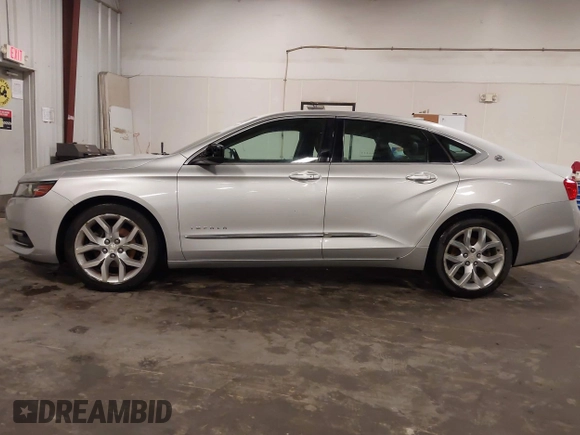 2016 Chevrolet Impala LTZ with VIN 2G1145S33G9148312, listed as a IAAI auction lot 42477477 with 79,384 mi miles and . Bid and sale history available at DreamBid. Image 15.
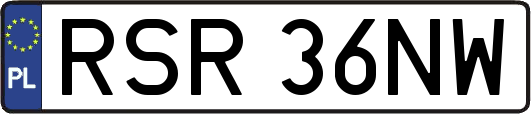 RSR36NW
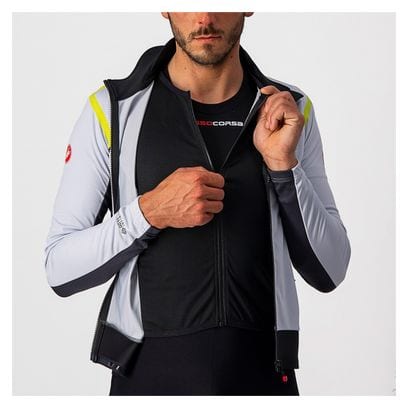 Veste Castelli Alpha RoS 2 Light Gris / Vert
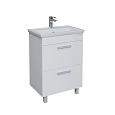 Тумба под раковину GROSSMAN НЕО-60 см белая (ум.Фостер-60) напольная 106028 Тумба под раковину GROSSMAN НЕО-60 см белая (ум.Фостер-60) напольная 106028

* * *

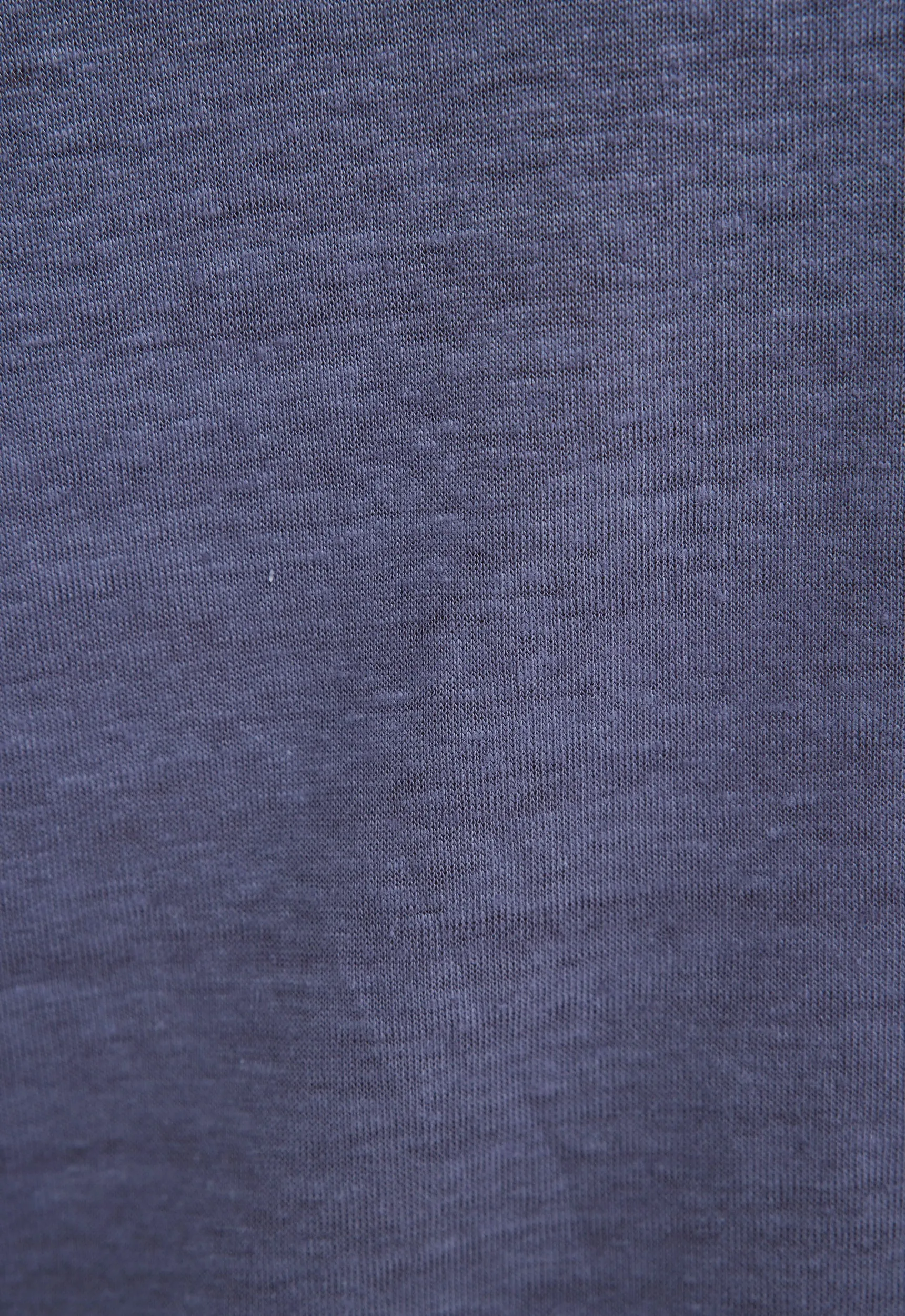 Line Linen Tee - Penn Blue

WHAT THE TASK ASKS: Each line between the one holding "2016 Chevrolet Impala" and the one holding "напольная 106028 Тумба", inclusive, should be copied exactly as it appears above, and pictures should be omitted.

RESPONSE:
 2016 Chevrolet Impala LTZ with VIN 2G1145S33G9148312, listed as a IAAI auction lot 42477477 with 79,384 mi miles and . Bid and sale history available at DreamBid. Image 15.
 RSR36NW
 Veste Castelli Alpha RoS 2 Light Gris / Vert
 Тумба под раковину GROSSMAN НЕО-60 см белая (ум.Фостер-60) напольная 106028 Тумба под раковину GROSSMAN НЕО-60 см белая (ум.Фостер-60) напольная 106028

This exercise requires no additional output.